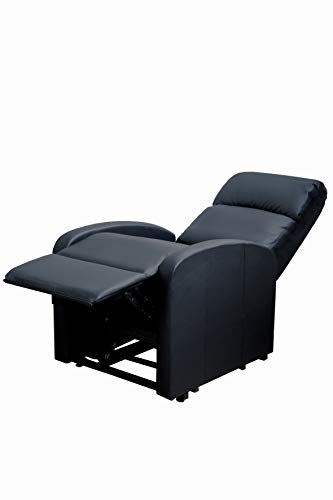 Astan Hogar Sillón Relax Con Función Auto-Ayuda (Levanta Personas), Reclinación Eléctrica, Tapizado en PU Anti-Cuarteo. Modelo Premium AH-AR30620NG, Acero, NEGRO,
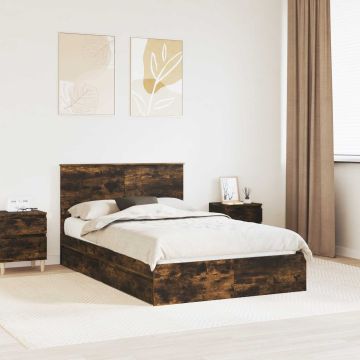 vidaXL Saugos lova Rūkyta ąžuolas 120 x 200 cm Apdirbta mediena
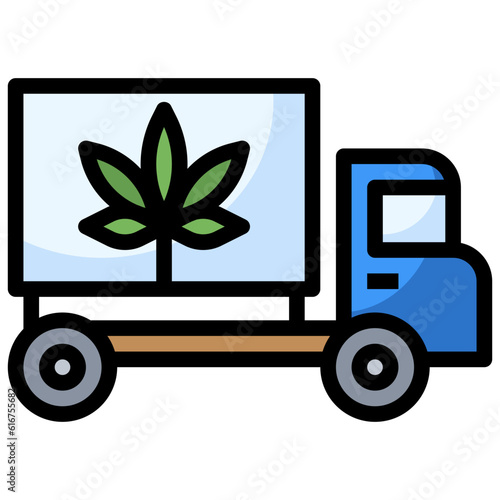 MARIJUANA SHIPPING line icon,linear,outline,graphic,illustration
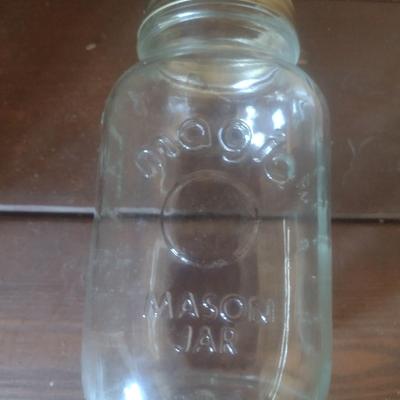 Box of One Dozen Various Brand Quart Glass Canning Jars Includes Ball, Atlas, Kerr, Magic Mason and Other Bands Only No Lids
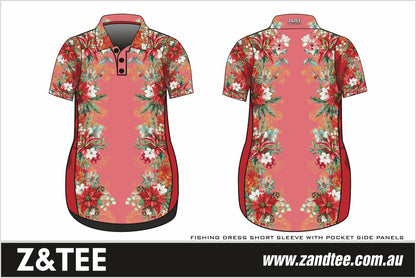 Christmas | Red Floral Christmas Fishing Dress ★Pre-Order★ Z and TEE beach Beach Dress christmas Christmas design Christmas Gift Festive Floral Fun Matching Shirt Merry Christmas pink quick dry red Summer SUN SAFE Ugly Christmas sweater UPF WOMEN'S DESIGNS womens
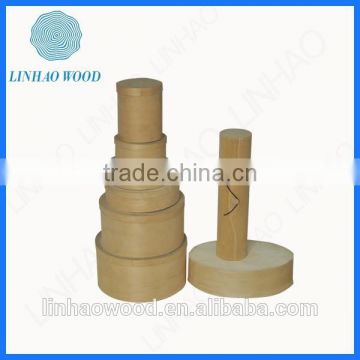 different size round wooden gift packaging box with lids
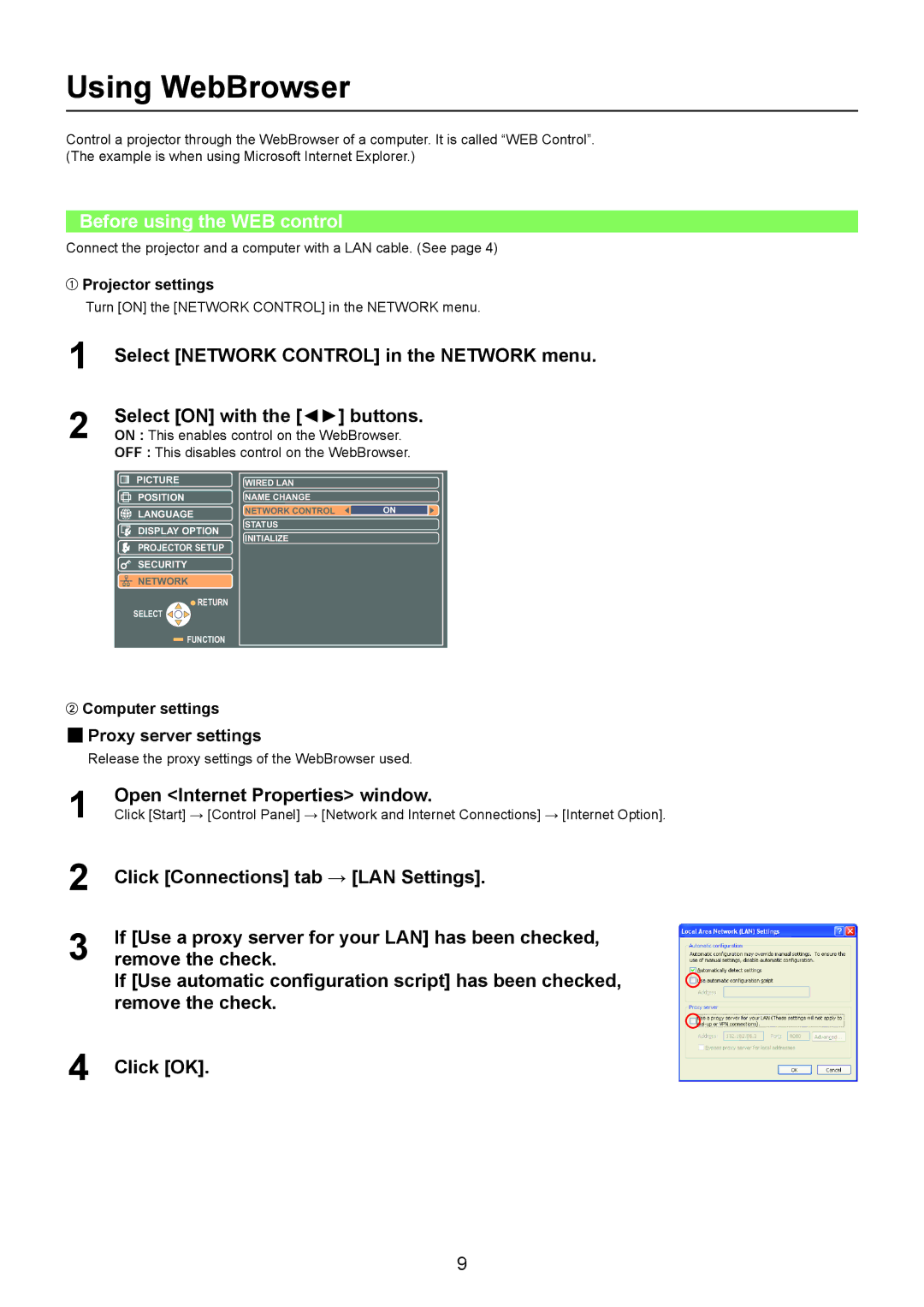 Panasonic PT-LB2EA, TQBH0215-1, PT-LB2U, PT-LB1EA Using WebBrowser, Before using the WEB control, „„Proxy server settings 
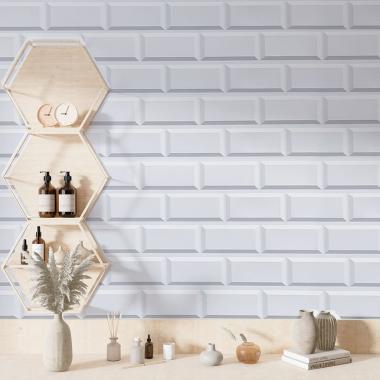 Декоративная ПВХ панель 960х480х4мм Белый клинкерный кирпич SW-00001431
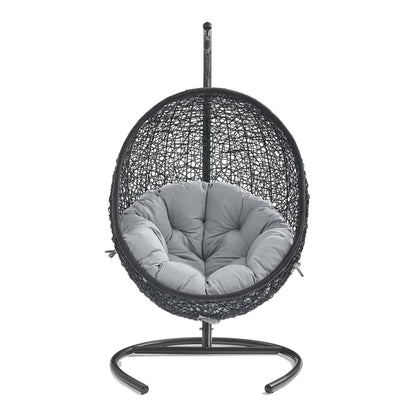 Encase Sunbrella Swing Outdoor Patio Lounge Chair in Black Gray by Modway (3943)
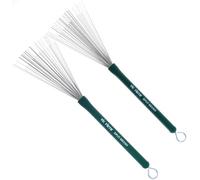 Vic FIrth - Split Cepillos de Tambor Retráctil - Alambre de acero de calibre medio - Mango de plástico verde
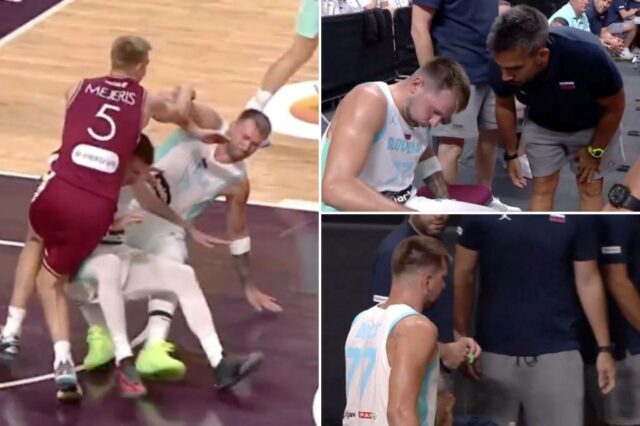 Luka Doncic Kits do tribunal em EuroBasket, Lakers Square, depois de assinar um contrato enorme

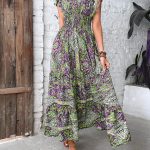 Short-Sleeve-Vintage-Print-Bohemia-Dresses-Elastic-Waist-V-Neck-Maxi-Dress-Casual-Beach-Big-Swing-4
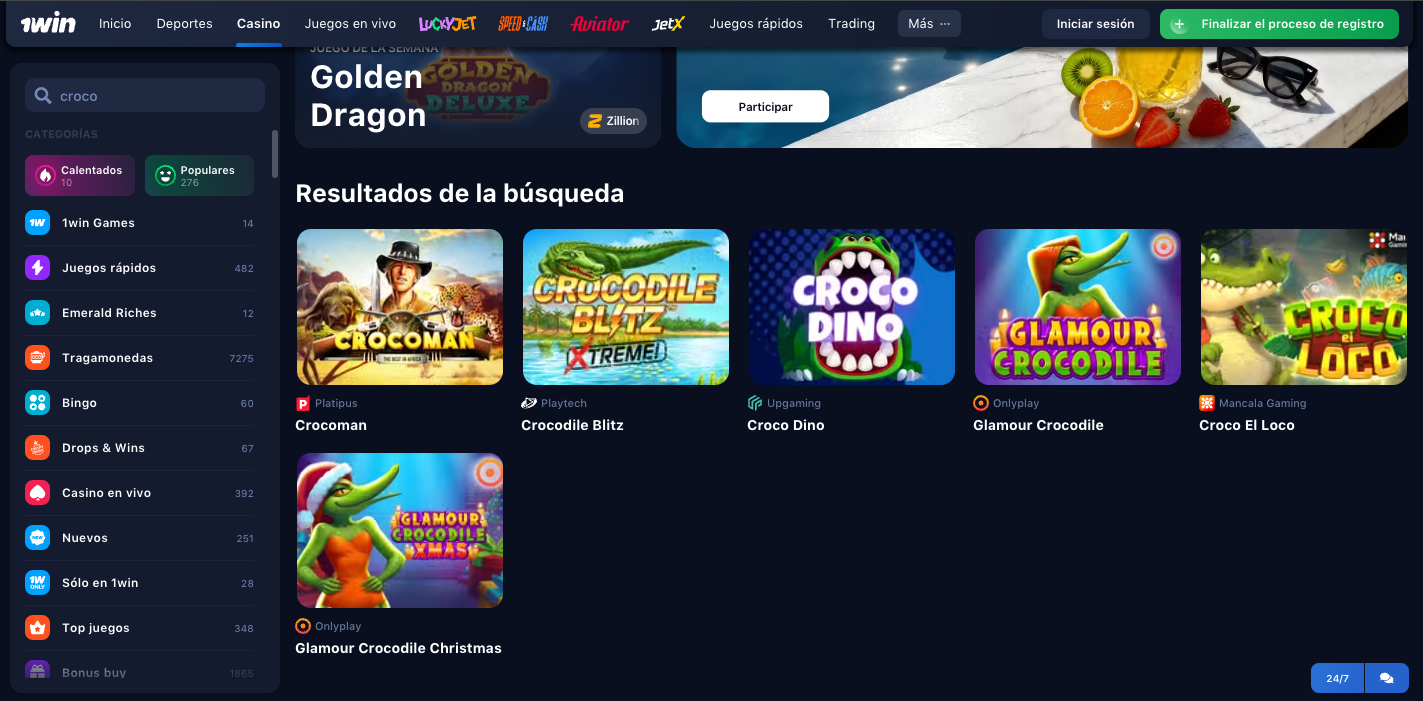 Croco Dino en 1win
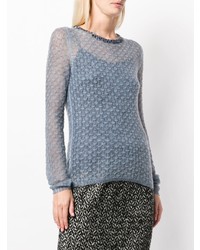 blauer Pullover mit einem Rundhalsausschnitt von Ermanno Scervino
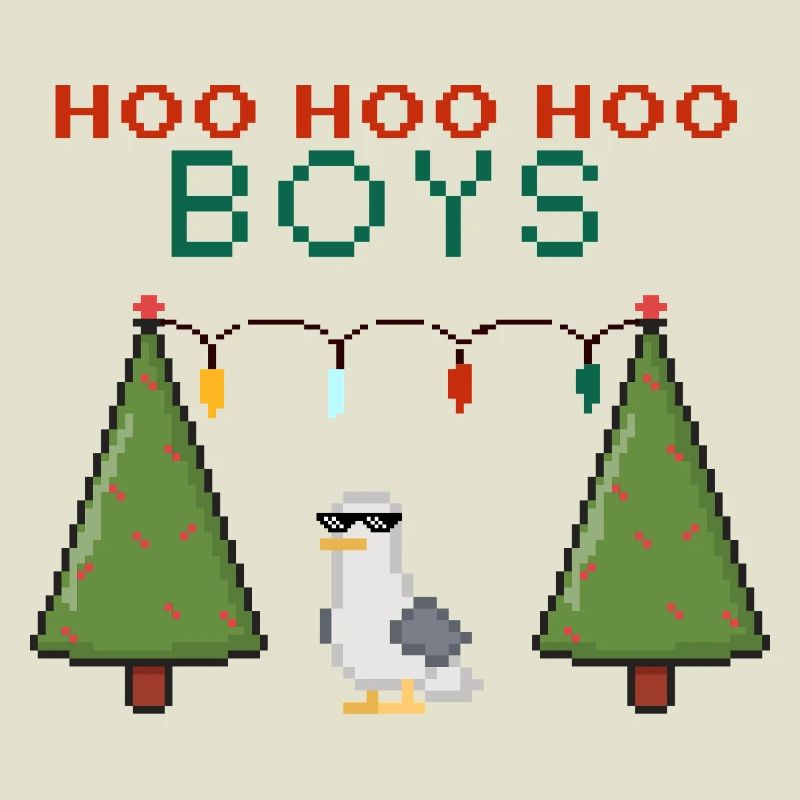 Pixel Seemöwe Weihnachts Boys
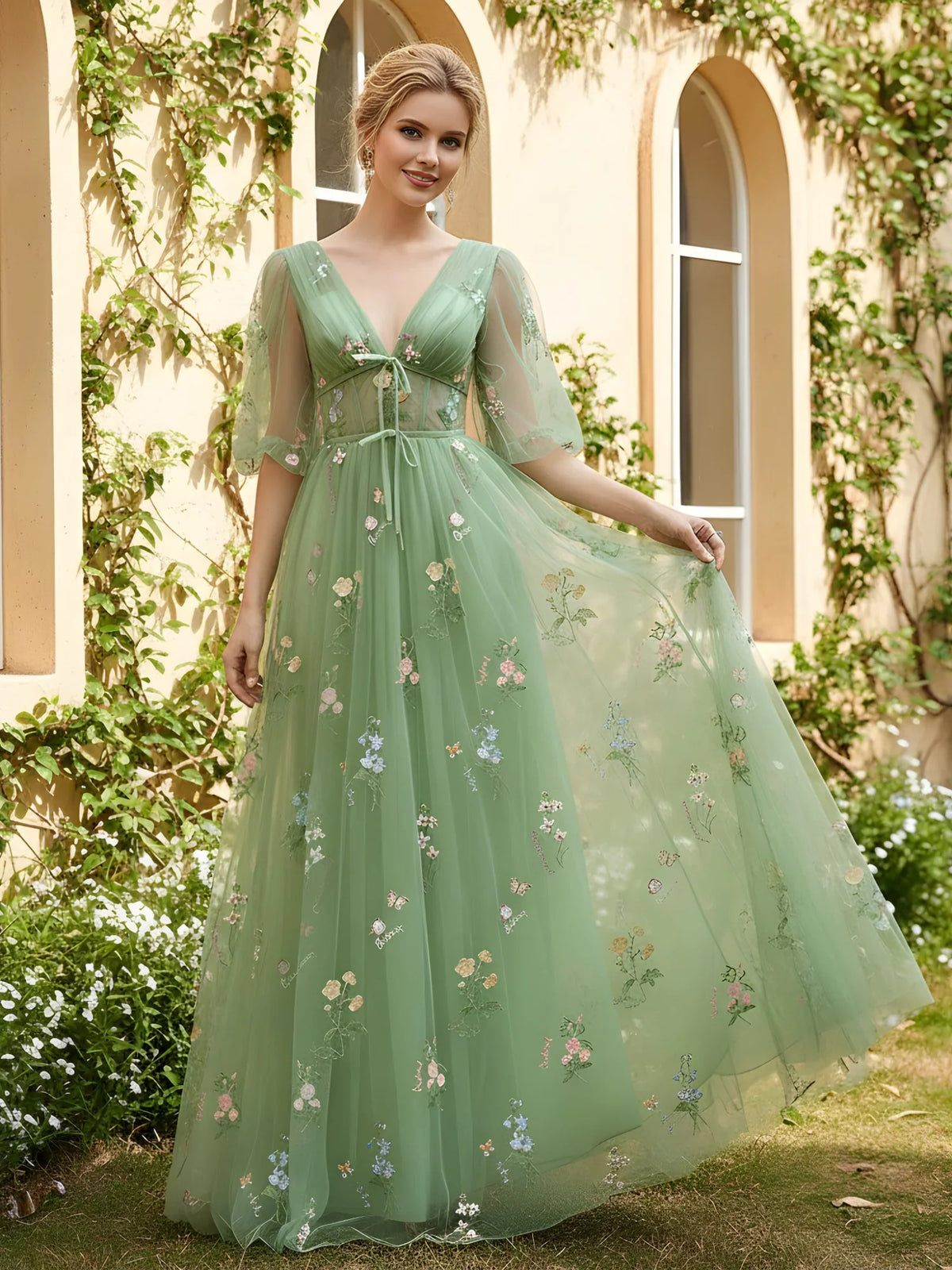 Dusty Sage floor-length prom dress, alternate view showing the bodice and skirt
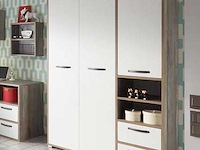 Kledingkast petrus | 138 x 57 x 201 cm | wit en bruin - afbeelding 1 van  5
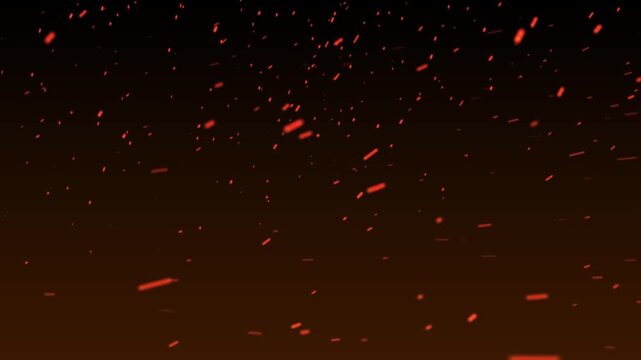 Fire sparks and glowing ember particle overlay loop on dark background 4K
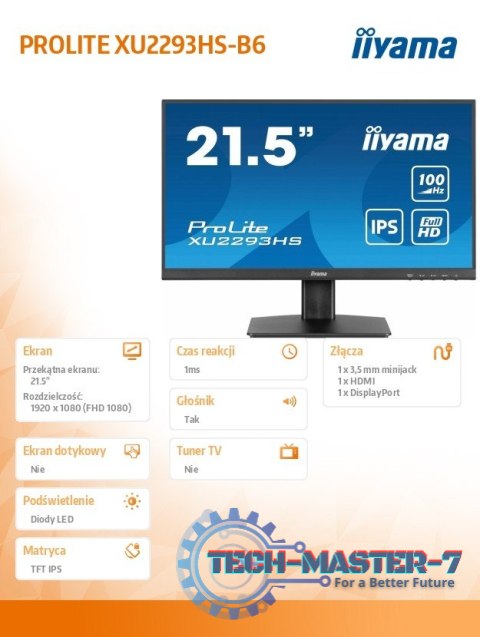 Monitor 21,5 cala XU2293HS-B6 IPS/HDMI/DP/SLIM/2x1W Monitor 21,5 cala XU2293HS-B6 IPS/HDMI/DP/SLIM/2x1W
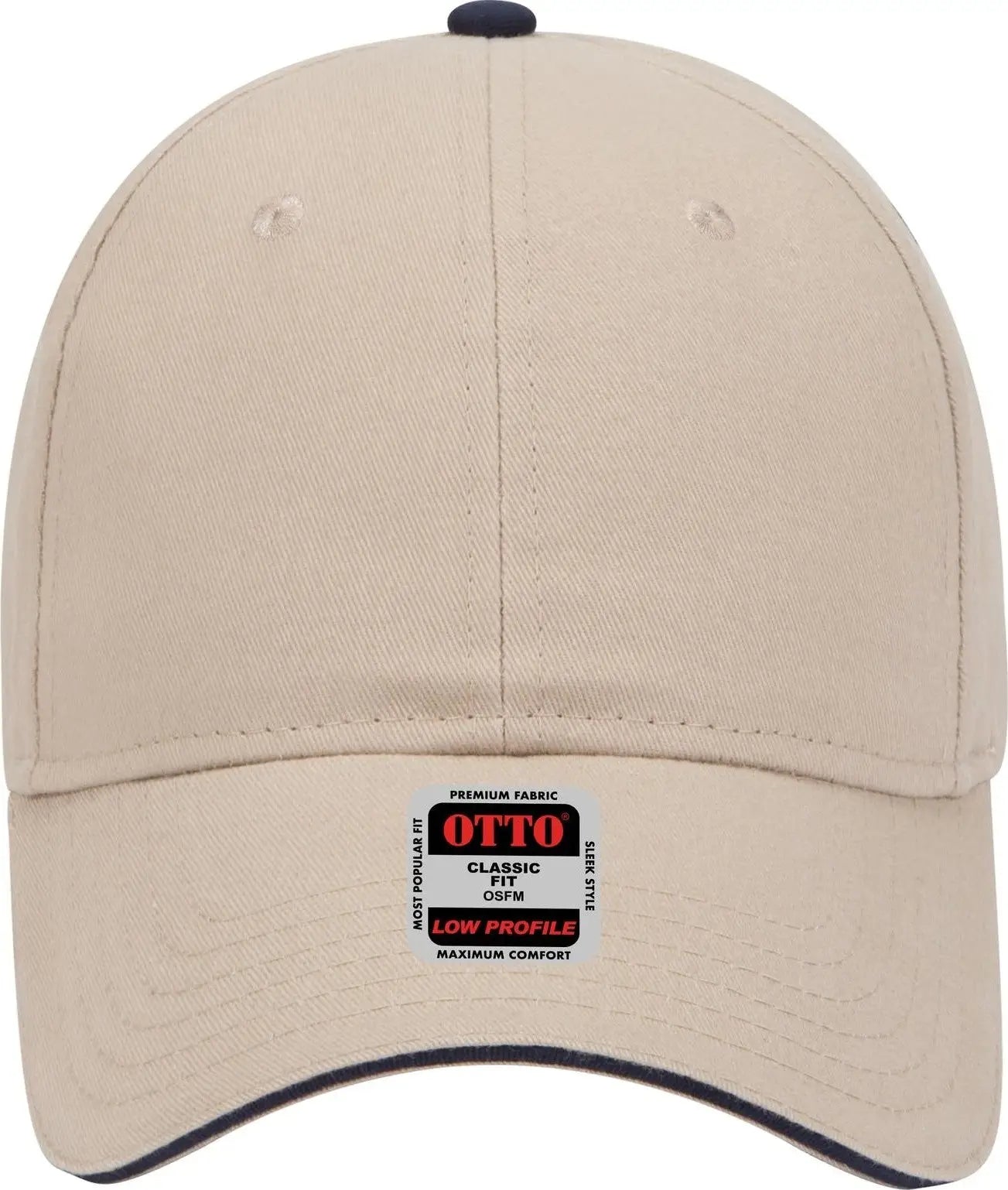 Otto 23-430 6 Panel Low Profile Baseball Cap - Kha/kha/nvy - 1/2’’ - 7 5/8’’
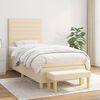 vidaXL Sommier &agrave; lattes de lit avec matelas Cr&egrave;me 80x200 cm Tissu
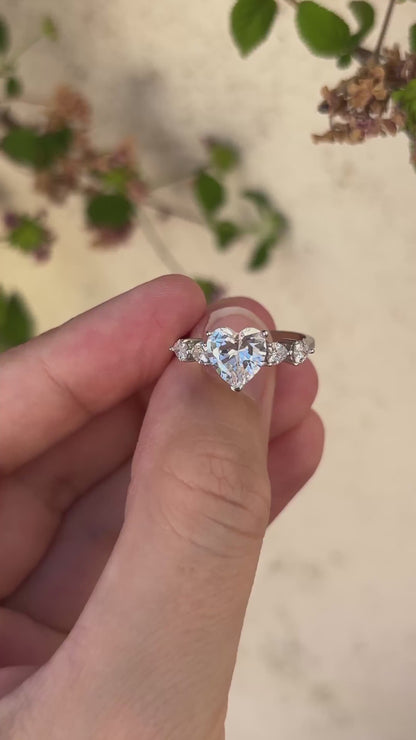 Five Heart Diamond CZ Ring, 925 Sterling Silver Heart Ring, Promise Ring for Women, Romantic Anniversary Gift, Dainty Silver Ring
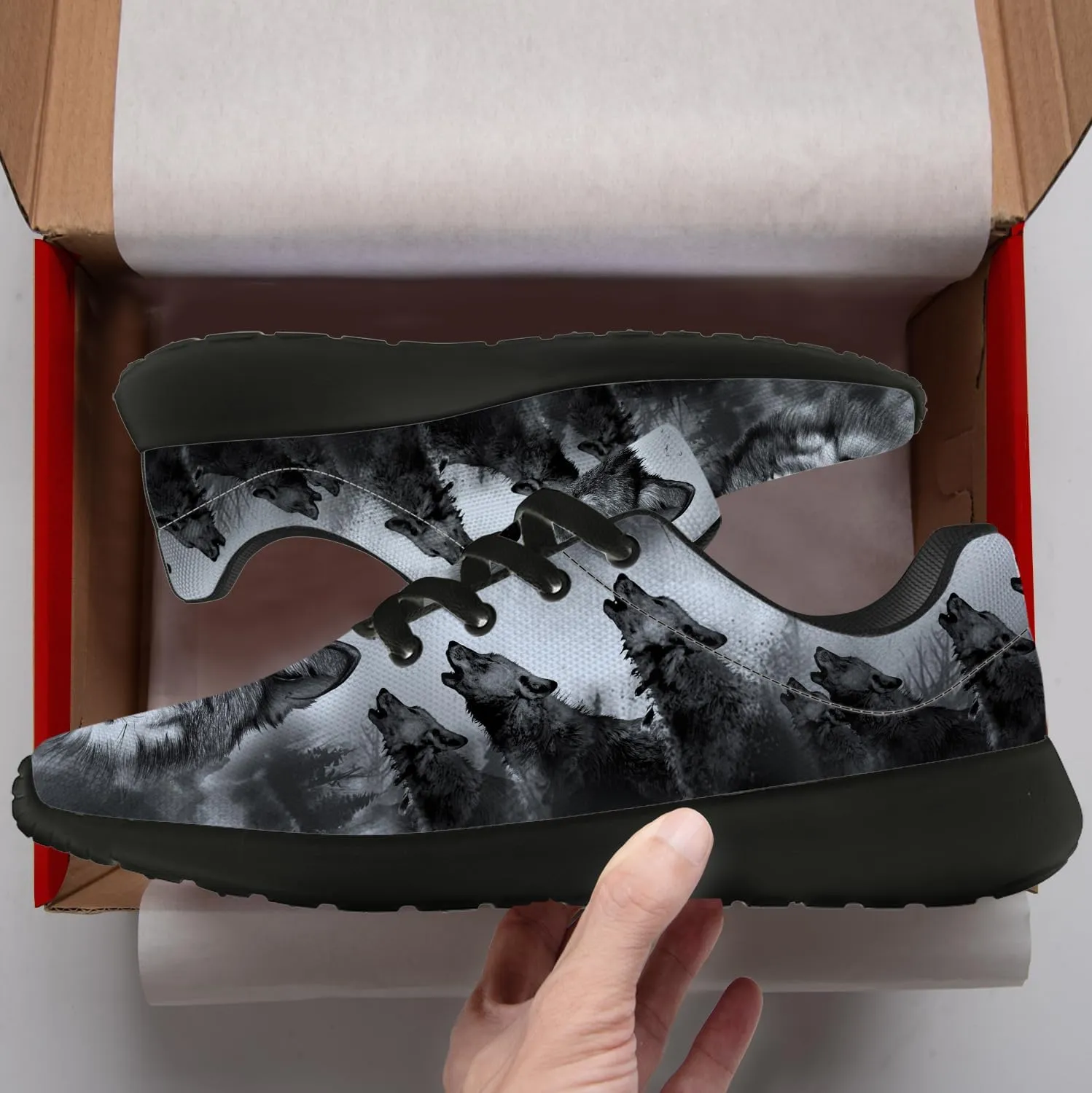 Wolf Shoes for Men Women Running Shoes Walking Sneakers Black Tennis Shoes Gifts for Women Men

- - - - -

Task description = Please transcribe exactly the part of the records that opens with the line containing "Panasonic PT-LB2EA, TQBH0215-1, PT-LB2U, PT-LB1EA" and closes with the line containing "Encase Sunbrella Swing", both ends included, and leave out the pictures.

Result =
 Panasonic PT-LB2EA, TQBH0215-1, PT-LB2U, PT-LB1EA Using WebBrowser, Before using the WEB control, „„Proxy server settings 
 Декоративная ПВХ панель 960х480х4мм Белый клинкерный кирпич SW-00001431
 Encase Sunbrella Swing Outdoor Patio Lounge Chair in Black Gray by Modway (3943)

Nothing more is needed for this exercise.